In summary, regulatory and ethical frameworks are striving to keep pace with big data advances in cell therapy. Regulators are beginning to issue guidance and expect robust validation for digital tools, focusing on maintaining control and data integrity. Ethically, the field must prioritise patient privacy, algorithmic fairness, and equitable access. Industry and regulators alike seem to agree that patients’ welfare is paramount – any new data strategy must demonstrably enhance (or at least maintain) product safety and efficacy. As these therapies directly concern severely ill patients, the stakes are high. Fortunately, the consensus is that big data and AI, if used responsibly, will augment our ability to deliver safe, effective, and personalised cell therapies, rather than diminish it. Ongoing dialogue between technologists, clinicians, ethicists, and regulators is essential to navigate this evolving landscape.

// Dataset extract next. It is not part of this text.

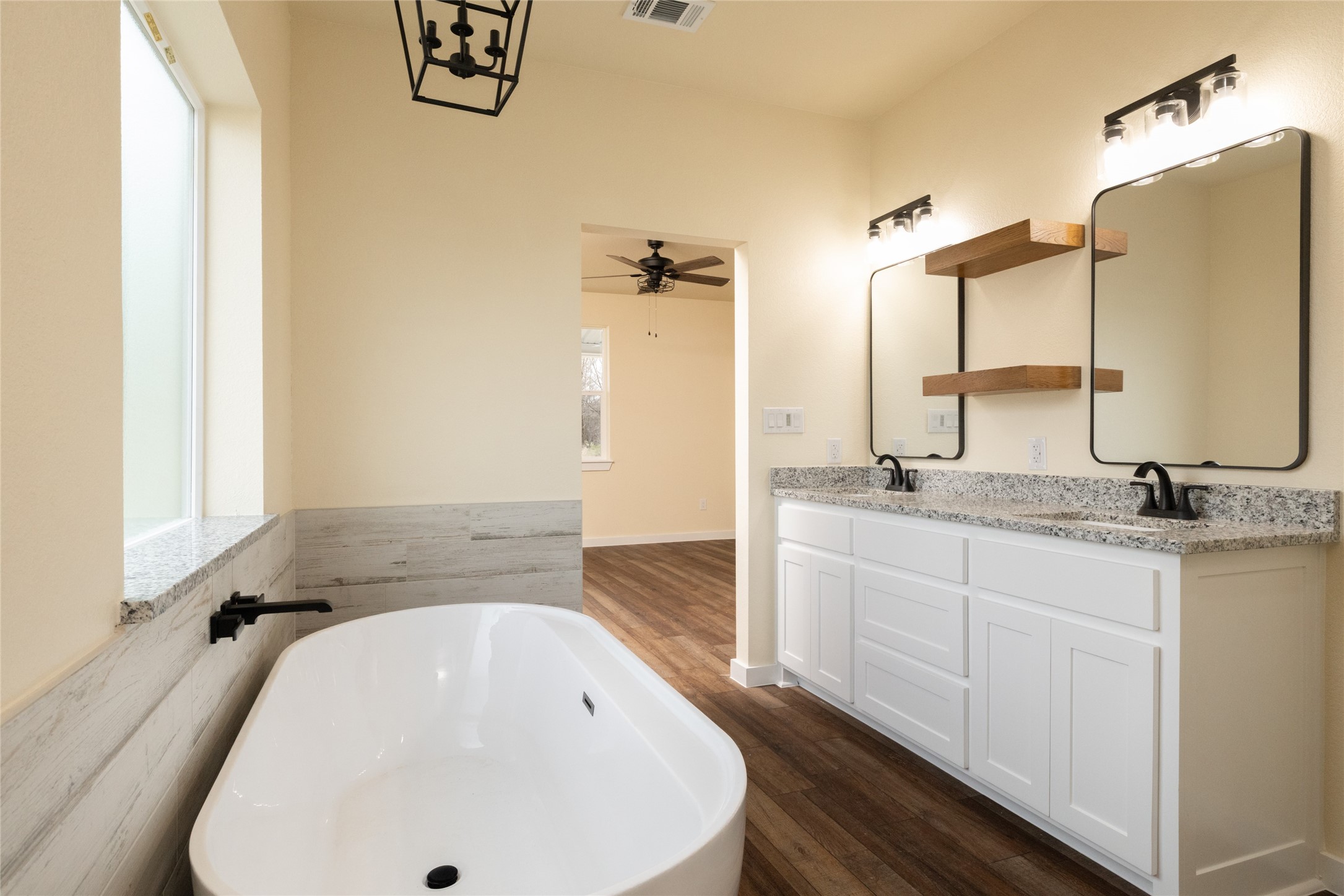 180 Cimmarron Trail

Cell therapy manufacturing is undergoing a digital metamorphosis. Big data strategies – encompassing everything from AI-driven analytics and real-time monitoring to automation and digital twins – are addressing the fundamental challenges of producing living medicines at scale. By harnessing large datasets and advanced modeling, manufacturers can achieve more consistent processes, make informed decisions on the fly, and tailor therapies to individual patient needs. These innovations are not confined to one country or company; they span the globe, with collaborative efforts in the UK and EU, major investments in the US, and pioneering integrated platforms in APAC. We see established pharma companies partnering with tech startups, governments funding digital infrastructure, and industry groups setting standards to accelerate this transformation. The result is a new paradigm: manufacturing that is smarter, faster, and more connected, turning what was once an artisanal lab endeavour into a reproducible, quality-controlled industrial process.

However, as this report has detailed, realising the full potential of big data in cell therapy requires more than technology. It demands aligning with regulatory expectations, ensuring ethical use of data, and upskilling the workforce to work at the nexus of biology and data science. Early successes – such as AI catching errors before a batch is lost, or a digital twin boosting CAR-T yields – demonstrate real-world impact. At the same time, ongoing initiatives like standardising data formats, validating AI algorithms, and protecting patient information will lay the groundwork for broader adoption. The coming years are likely to bring even greater integration of AI/ML, perhaps using predictive algorithms to directly adjust bioreactor settings in real time, or employing patient genomics to fine-tune manufacturing recipes. We can also expect digital supply chains that track cell therapy products from vein-to-vein, producing data that optimises logistics and scheduling, further reducing vein-to-vein time for patients.

In conclusion, big data is not just transforming cell therapy manufacturing – it is empowering it. By combining biological insight with computational power, the cell therapy field is overcoming barriers that once seemed insurmountable: variability, cost, and scale. The beneficiaries of this transformation will ultimately be the patients: receiving high-quality, personalised cell therapies more quickly and at lower cost, wherever they are in the world. The convergence of biotech and big data heralds a future in which life-saving cells are engineered and delivered with the precision, efficiency, and reliability that modern data science can provide, fulfilling the promise of these advanced medicines for society at large.